Une semaine à peine après la démission de Philippe Bruggisser, SAirGroup commence déjà à renverser la vapeur. Le groupe renonce à prendre une participation de 34% dans la compagnie aérienne portugaise TAP Air Portugal. C'est la première entaille dans sa stratégie, désormais remise fondamentalement en question, celle de prendre des participations dans des petites compagnies européennes.

Des experts estiment que depuis sa mise en place, elle aurait coûté 5 milliards de francs au groupe helvétique. Le renoncement de SAirGroup à TAP n'est pas une véritable surprise. On savait que SAirGroup n'avait toujours pas transmis son dossier de notification sur TAP à Bruxelles (lire Le Temps du 24 janvier), ce qui était déjà un signe avant-coureur de son désengagement.

D'autres suivront-ils prochainement? Peut-être. Les autres membres du groupe Qualiflyer (TAP Air Portugal, Turkish Airlines, la polonaise LOT, AOM, Air Littoral et Air Liberté, Air Europe, Volare, Crossair et Sabena) n'affichent pas des résultats financiers mirobolants.

L'année dernière, le déficit de TAP atteignait 166 millions de francs.
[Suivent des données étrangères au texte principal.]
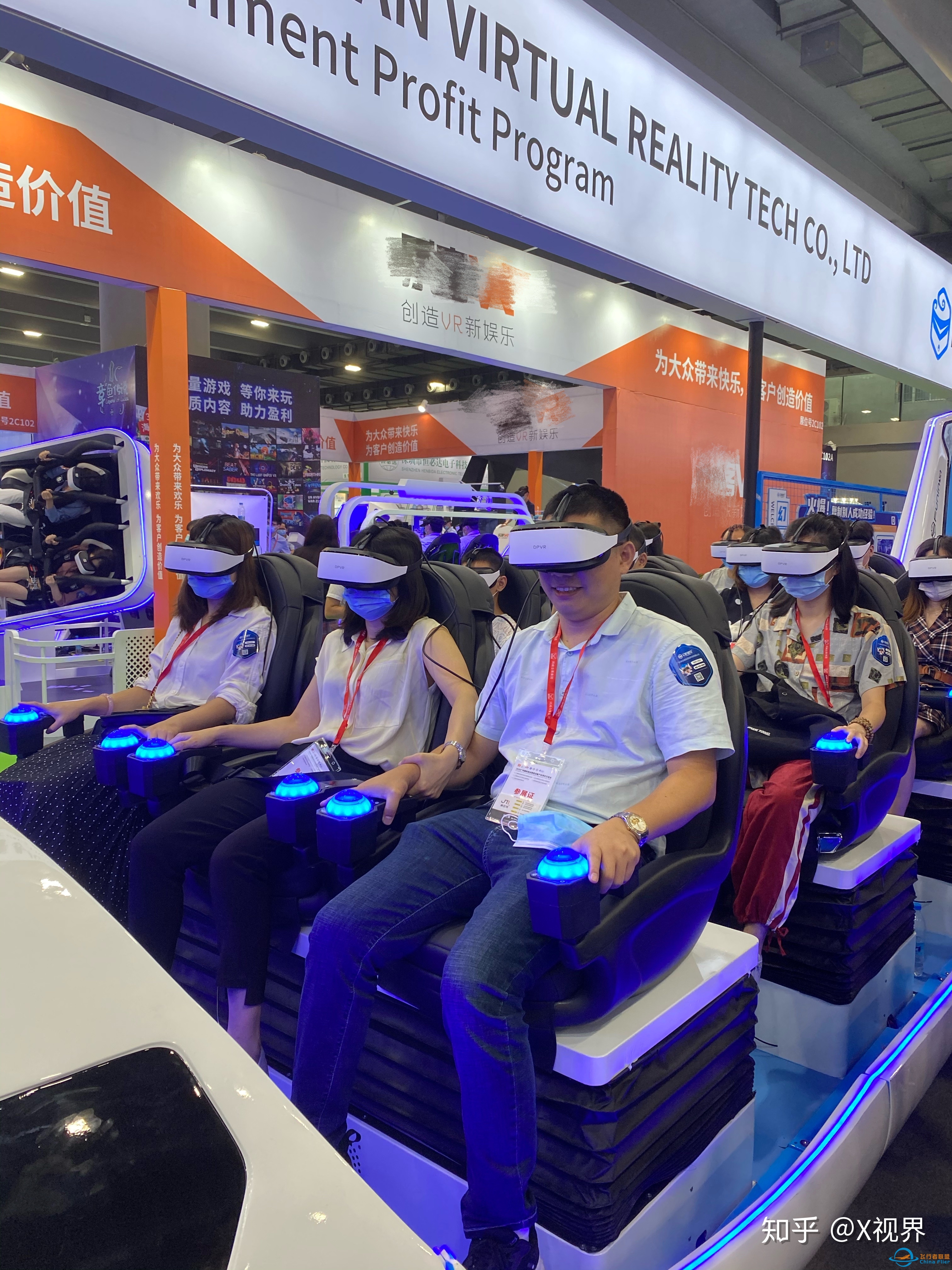 VR航天科技设备VR模拟航空体验VR在航空航天中的应用-9106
Il y a quelques mois, la compagnie a dû recourir à un emprunt d'urgence d'environ 61 millions de francs. La décision tombe donc à un mauvais moment pour la compagnie portugaise. Même si le ministre des Transports, Joao Coehlo, a discuté avec le président et directeur général ad interim de SAirGroup, Eric Honegger, «dans un climat de confiance». C'est par un communiqué envoyé jeudi soir par SAirGroup que l'annonce du désengagement a été faite. D'entente avec l'Etat portugais, SAirGroup a décidé de «se retirer du processus de privatisation de TAP», indiquait succinctement le communiqué. Une collaboration commerciale avec TAP sera toutefois maintenue et la compagnie portugaise reste pour le moment membre de Qualiflyer Group. Le retrait de SAirGroup risque bien de ralentir la privatisation de TAP, prévue entre 2001 et 2006.

Toujours dans son communiqué, le groupe helvétique assure qu'il «garantira les besoins financés à court terme de la compagnie portugaise. Cette garantie permettra de compenser les éventuels engagements découlant du retrait de SAirGroup du processus de privatisation». Selon des spécialistes, ce montant serait de l'ordre d'une cinquantaine de millions de francs.